**Action item:**
As the answer, set down the lines below from the one containing "落ち着いた雰囲気でゆっくりお寛ぎいただけるバスルーム" through the one containing "Off-White Out of", exactly and inclusively, and no others.

**Material to process:**
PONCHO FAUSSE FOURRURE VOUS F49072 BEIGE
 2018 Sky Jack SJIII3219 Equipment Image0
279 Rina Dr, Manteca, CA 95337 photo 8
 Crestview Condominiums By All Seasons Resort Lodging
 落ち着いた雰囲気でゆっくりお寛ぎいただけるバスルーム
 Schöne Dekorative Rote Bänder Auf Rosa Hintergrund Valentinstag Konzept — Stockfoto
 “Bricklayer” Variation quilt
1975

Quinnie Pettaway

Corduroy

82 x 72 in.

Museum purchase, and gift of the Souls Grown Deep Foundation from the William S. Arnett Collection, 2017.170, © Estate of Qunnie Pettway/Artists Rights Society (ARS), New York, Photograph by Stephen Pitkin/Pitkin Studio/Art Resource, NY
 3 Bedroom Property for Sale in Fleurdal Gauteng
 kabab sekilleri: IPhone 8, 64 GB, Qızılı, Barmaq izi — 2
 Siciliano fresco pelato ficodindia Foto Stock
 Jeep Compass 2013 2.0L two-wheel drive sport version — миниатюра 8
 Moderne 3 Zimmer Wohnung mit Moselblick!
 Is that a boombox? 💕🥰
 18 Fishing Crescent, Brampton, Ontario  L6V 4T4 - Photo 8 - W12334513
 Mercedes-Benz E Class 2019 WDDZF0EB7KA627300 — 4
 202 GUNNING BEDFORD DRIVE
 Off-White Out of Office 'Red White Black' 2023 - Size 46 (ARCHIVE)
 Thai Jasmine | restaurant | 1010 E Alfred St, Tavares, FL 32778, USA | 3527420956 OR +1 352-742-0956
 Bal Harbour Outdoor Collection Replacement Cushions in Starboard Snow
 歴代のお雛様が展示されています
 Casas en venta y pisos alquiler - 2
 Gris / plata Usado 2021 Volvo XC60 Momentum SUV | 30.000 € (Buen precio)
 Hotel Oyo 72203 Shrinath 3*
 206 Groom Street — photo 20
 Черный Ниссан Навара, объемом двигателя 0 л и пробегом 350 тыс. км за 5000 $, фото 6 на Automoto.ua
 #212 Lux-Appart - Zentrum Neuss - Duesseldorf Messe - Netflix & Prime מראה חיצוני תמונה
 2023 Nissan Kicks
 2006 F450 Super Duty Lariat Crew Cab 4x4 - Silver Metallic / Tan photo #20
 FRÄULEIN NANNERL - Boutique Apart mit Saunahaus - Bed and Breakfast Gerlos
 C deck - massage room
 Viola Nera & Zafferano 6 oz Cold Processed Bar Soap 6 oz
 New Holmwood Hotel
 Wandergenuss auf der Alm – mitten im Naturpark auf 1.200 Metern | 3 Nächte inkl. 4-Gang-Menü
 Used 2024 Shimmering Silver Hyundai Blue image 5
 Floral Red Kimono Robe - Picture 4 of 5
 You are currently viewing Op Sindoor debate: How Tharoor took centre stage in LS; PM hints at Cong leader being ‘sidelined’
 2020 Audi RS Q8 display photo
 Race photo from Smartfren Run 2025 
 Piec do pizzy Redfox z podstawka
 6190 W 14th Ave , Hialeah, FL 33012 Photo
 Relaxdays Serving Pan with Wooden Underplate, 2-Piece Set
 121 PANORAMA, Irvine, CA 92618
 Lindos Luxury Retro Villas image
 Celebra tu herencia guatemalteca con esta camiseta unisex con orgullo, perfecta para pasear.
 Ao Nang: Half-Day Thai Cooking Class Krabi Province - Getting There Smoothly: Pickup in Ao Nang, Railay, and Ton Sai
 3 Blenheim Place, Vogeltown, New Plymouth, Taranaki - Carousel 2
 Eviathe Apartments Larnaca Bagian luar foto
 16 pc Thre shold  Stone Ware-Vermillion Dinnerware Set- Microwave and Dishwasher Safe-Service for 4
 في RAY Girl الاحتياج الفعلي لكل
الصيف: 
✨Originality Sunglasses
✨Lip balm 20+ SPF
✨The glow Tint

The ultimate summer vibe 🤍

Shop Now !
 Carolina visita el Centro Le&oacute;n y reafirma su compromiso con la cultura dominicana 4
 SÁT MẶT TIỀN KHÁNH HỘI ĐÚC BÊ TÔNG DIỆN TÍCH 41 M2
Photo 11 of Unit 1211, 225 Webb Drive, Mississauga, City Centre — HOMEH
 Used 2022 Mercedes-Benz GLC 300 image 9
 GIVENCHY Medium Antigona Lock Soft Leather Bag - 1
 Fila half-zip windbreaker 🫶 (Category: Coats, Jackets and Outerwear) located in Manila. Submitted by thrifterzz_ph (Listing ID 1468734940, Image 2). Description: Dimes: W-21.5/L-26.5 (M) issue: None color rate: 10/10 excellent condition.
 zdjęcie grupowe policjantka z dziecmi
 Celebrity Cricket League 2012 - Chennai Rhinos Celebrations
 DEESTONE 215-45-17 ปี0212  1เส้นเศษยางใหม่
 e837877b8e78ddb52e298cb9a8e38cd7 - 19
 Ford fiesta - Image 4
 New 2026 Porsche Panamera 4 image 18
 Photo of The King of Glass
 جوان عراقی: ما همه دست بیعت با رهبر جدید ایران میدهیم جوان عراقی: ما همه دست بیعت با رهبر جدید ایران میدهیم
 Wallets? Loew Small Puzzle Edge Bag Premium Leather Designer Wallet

**Solution to this task:**
 落ち着いた雰囲気でゆっくりお寛ぎいただけるバスルーム
 Schöne Dekorative Rote Bänder Auf Rosa Hintergrund Valentinstag Konzept — Stockfoto
 “Bricklayer” Variation quilt
1975

Quinnie Pettaway

Corduroy

82 x 72 in.

Museum purchase, and gift of the Souls Grown Deep Foundation from the William S. Arnett Collection, 2017.170, © Estate of Qunnie Pettway/Artists Rights Society (ARS), New York, Photograph by Stephen Pitkin/Pitkin Studio/Art Resource, NY
 3 Bedroom Property for Sale in Fleurdal Gauteng
 kabab sekilleri: IPhone 8, 64 GB, Qızılı, Barmaq izi — 2
 Siciliano fresco pelato ficodindia Foto Stock
 Jeep Compass 2013 2.0L two-wheel drive sport version — миниатюра 8
 Moderne 3 Zimmer Wohnung mit Moselblick!
 Is that a boombox? 💕🥰
 18 Fishing Crescent, Brampton, Ontario  L6V 4T4 - Photo 8 - W12334513
 Mercedes-Benz E Class 2019 WDDZF0EB7KA627300 — 4
 202 GUNNING BEDFORD DRIVE
 Off-White Out of Office 'Red White Black' 2023 - Size 46 (ARCHIVE)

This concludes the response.